At A and D patterns, MACD moved beyond the level of 0.0045, as a rule, this suggests a possible correction or a change of trend. This are contrtrend patterns. Patterns B and C are trend ones, they allow to enter in the direction of the prevailing trend. The red circles indicates to signal of the entrance. One should enter at the opening of the next bar. Head and shoulders
Double Peak and basis
When MACD decreases to a zero line and it is launched back aside a dominating trend, being kept hardly above a zero line is a signal of a proceeding tendency. Such movement should be taken, as usually it happens strong.
Round peaks and bases. A good signal for action. Just be careful when MACD is within the first zone of 0.0000 0.0015 above or below zero. Pattern should be considered a good signal if rounding formed at least 5 bars.

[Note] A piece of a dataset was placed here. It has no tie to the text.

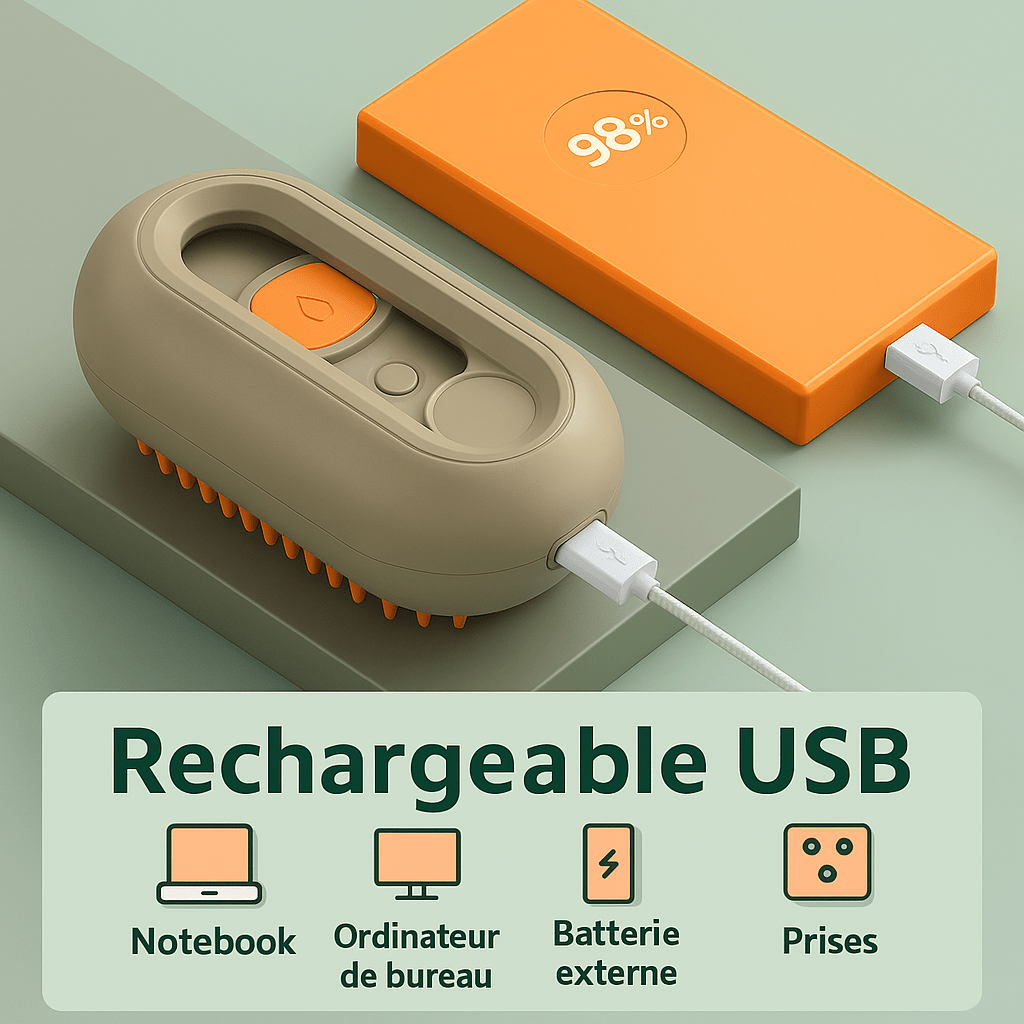 🐶🐱 SteamBrush™ - Brosse électrique 3 - en - 1 pour chiens & chats : toilettage, massage et vapeur nettoyante - FaciliCasa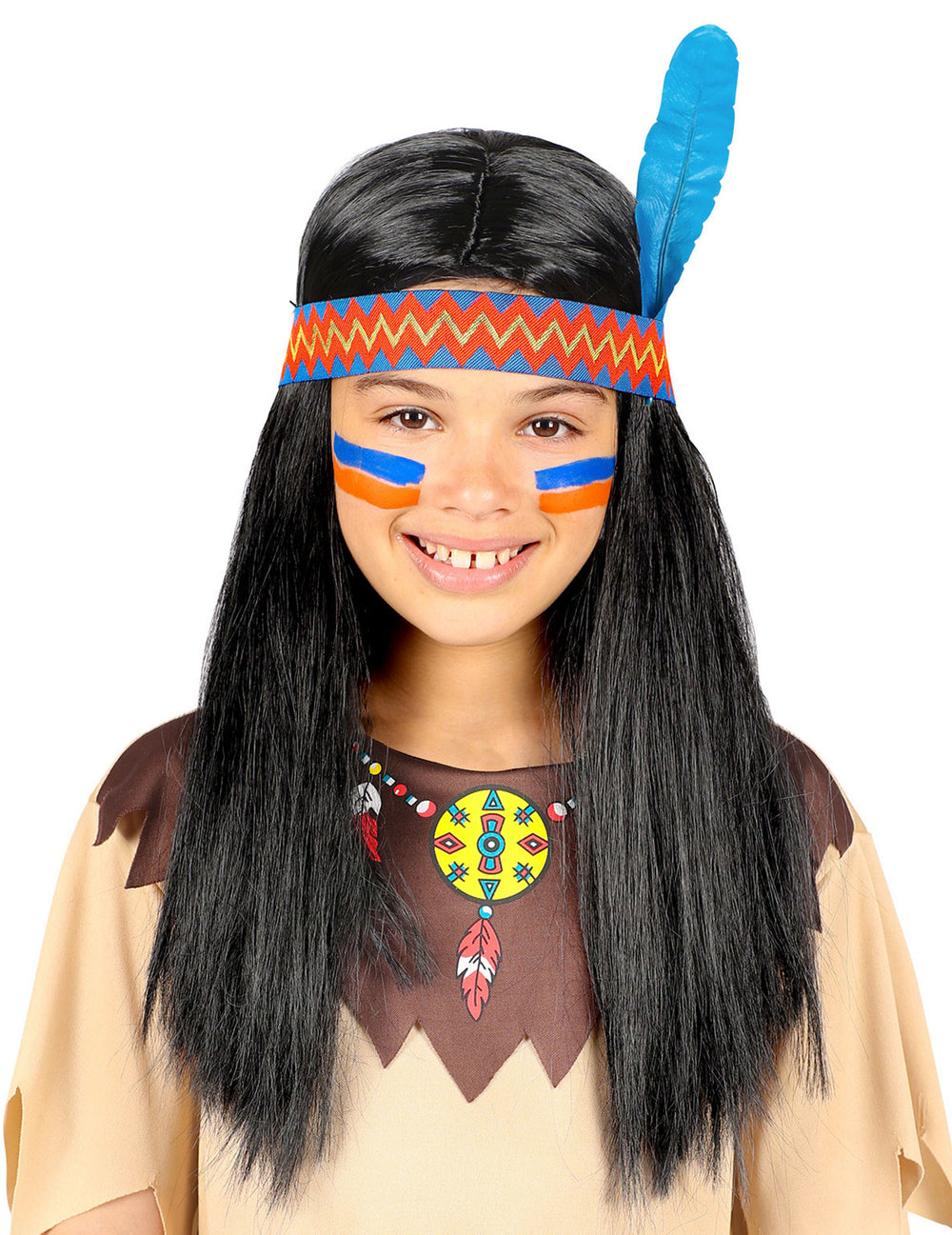 Perruque d'indien avec bandeau et plume pour enfant noire avec plume bleue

Examples of patterns MACD on real schedules
The graph below shows how the price like playing, revolves around the levels of support and resistance. The first entry was above average sliding profits and the first goal will be around fast moving average (8EMA and 21EMA). The second goal arrived around will be slow moving average (89SMA and 365EMA). The third goal arrived on the price level will be 1.2100, etc., etc., etc. This is an example of how to plan your trade in advance to take partial profit until the sale is completed.
A level that was last tested by price should be near the entry point so that a stop-loss could be set to this level.